Я чувствовала, как его пальцы держат меня крепко, будто если отпустит — я исчезну. Его грудь прижата к моей, и от этого было невыносимо жарко. Мурашки бежали по спине, как будто меня оголили перед огнем. Дыхание смешалось, тяжелое, сбитое, почти болезненное. В этих нескольких сантиметрах между нашими губами было больше желания, чем в любой постели. Он смотрел прямо в меня — не на лицо, не на тело, а вглубь. В самую суть. И я больше не знала, кого ненавижу — его, себя или это проклятое чувство, которое горело внутри сильнее, чем страх.
Я случайно глянула в сторону, просто краем глаза, без задней мысли — и сразу пожалела. Пространство под нами раскинулось, как жуткий открытый рот, город светился внизу тусклыми огоньками, как угли костра, а под ногами не было ничего, кроме воздуха и скрипучего железа. Сердце рухнуло вниз, как камень в колодец, пальцы дрогнули, дыхание сбилось, я вцепилась в него — ногтями, отчаянно, как будто он был единственным якорем в этом мире, который вот-вот перевернется. Мои ногти вонзились в его плечи сквозь ткань, как крики сквозь тишину, и он не отшатнулся, не оттолкнул, наоборот — остался таким же спокойным. Его рука поднялась медленно, уверенно, и большой палец лег на мой подбородок, указательный чуть ниже — мягко, но твердо. Он повернул мое лицо к себе, не давая прятаться, не позволяя сбежать. Его глаза были близко, слишком близко, и в них не было жалости — только злость, боль и чертова, горящая, беспощадная правда.
— Меня выбесило то, насколько глубоко ты засела во мне… а я это позволил. — хрипло сказал он, и голос его звучал так, будто срывался из груди сквозь рваные плевки огня. Он смотрел на мои губы, будто сейчас вырежет их из памяти и оставит на языке навсегда.
Я сжалась, но не отстранилась, наоборот — вцепилась в него крепче, ногти пробили ткань, как будто я могла удержать этим свой страх, свои чувства, себя. Слова не пришли — не успели, потому что он уже склонился ближе, на долю секунды завис, и я чувствовала его дыхание — горячее, сбивчивое, с запахом табака и чего-то дикого, мужского, настоящего. А потом его губы коснулись моих — не мягко, не нежно, а как удар током.

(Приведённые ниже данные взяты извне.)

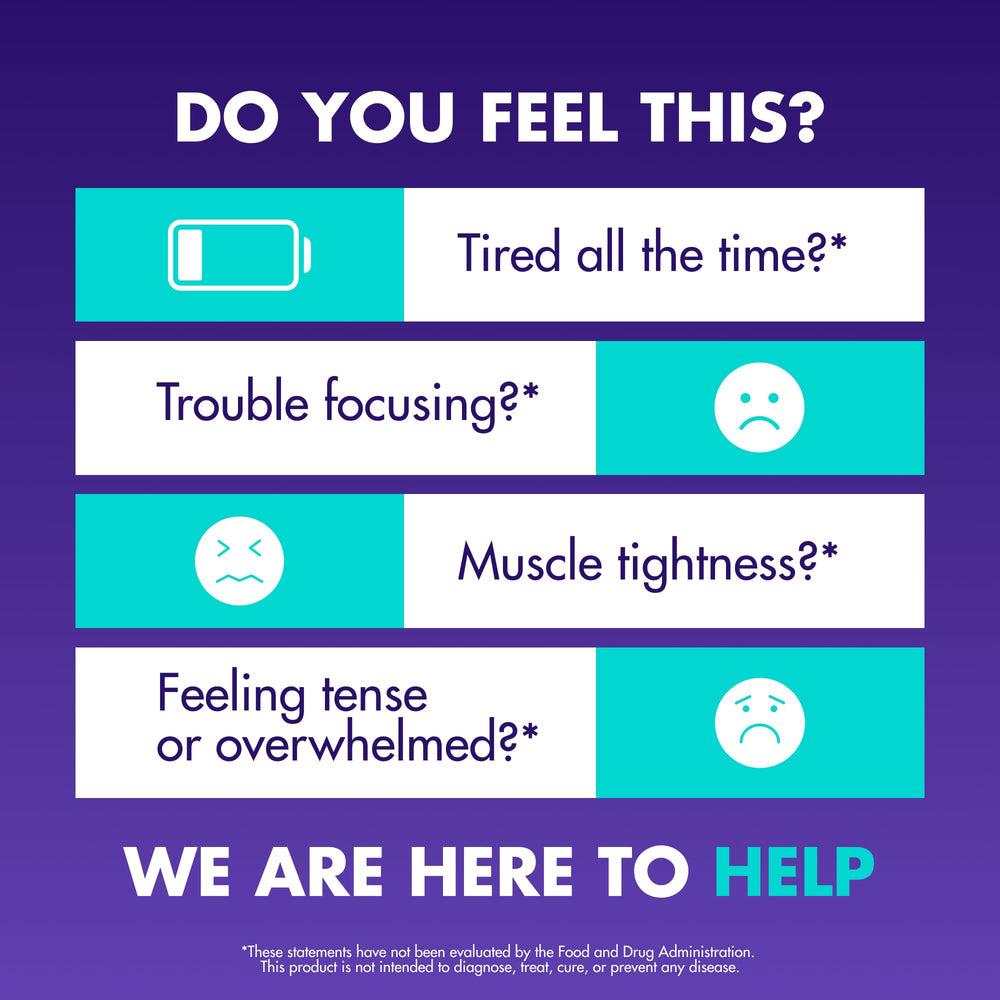 Supplement facts panel for Magnesium Complex showing 2,150mg per serving
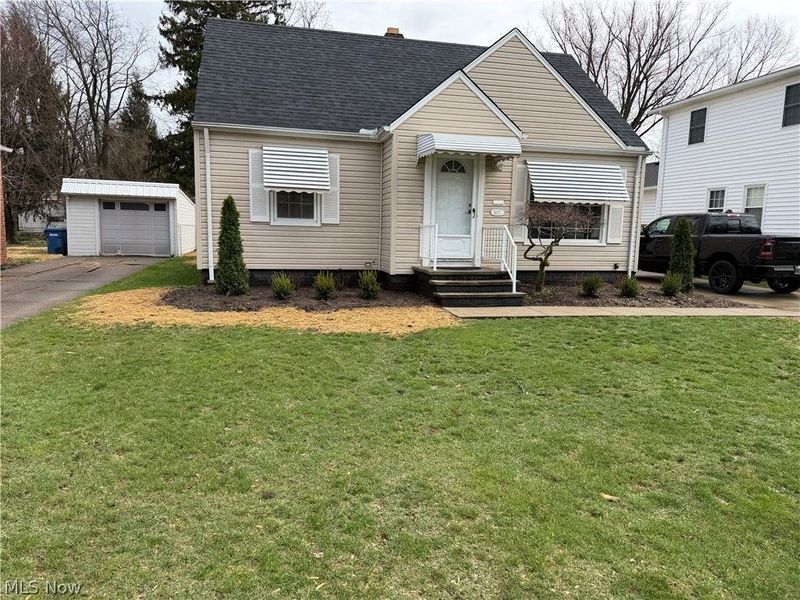 4027 W 227th Street, Fairview Park, OH 44126 Photo 1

Я не сопротивлялась. Этот поцелуй был огнем, жарким, голодным, языки наших ртов переплелись, как змеи, не играя, а сражаясь. Он втянул меня в себя, как будто хотел проглотить, растворить, стереть границы. Его руки сжали меня крепче, и я почувствовала, как каждое его мышечное волокно напряглось, как будто он держит ураган, сдерживает, чтобы не разнести все к чертовой матери. Его ладони обвили мою талию, одна скользнула ниже, впилась в бедро через ткань, и я в этот момент перестала существовать отдельно. Его язык проник глубже, требовательно, жадно, с той самой грязной нежностью, от которой кружится голова, а душа вылезает из груди, как будто этого ждала всю жизнь. Мы дышали тяжело, вырывая друг у друга воздух, как будто без него могли сдохнуть.
Его рука не церемонилась, скользнула по моему боку, сжала мою задницу грубо. Его пальцы будто проросли в меня, впились сквозь одежду, и в этот момент я потеряла контроль.
Колесо качнулось, словно подыгрывая нам. Что-то твердое прижалось к животу, и от осознания, каким твердым он стал — чужим, голодным, готовым — внутри что-то щелкнуло. Колени подкосились, дыхание сорвалось, я вцепилась в него, как в спасение, а пальцы сами нашли его затылок, волосы — мягкие, и я сжала их, будто хотела втянуть его внутрь себя. Он выдохнул — хрипло, плотно, как будто я только что разбила ему что-то внутри. Стон у него вышел низкий, почти звериный, и от него по позвоночнику пробежала дрожь — не страха, а голой, дикой жажды. Я впилась в него зубами, губами, языком.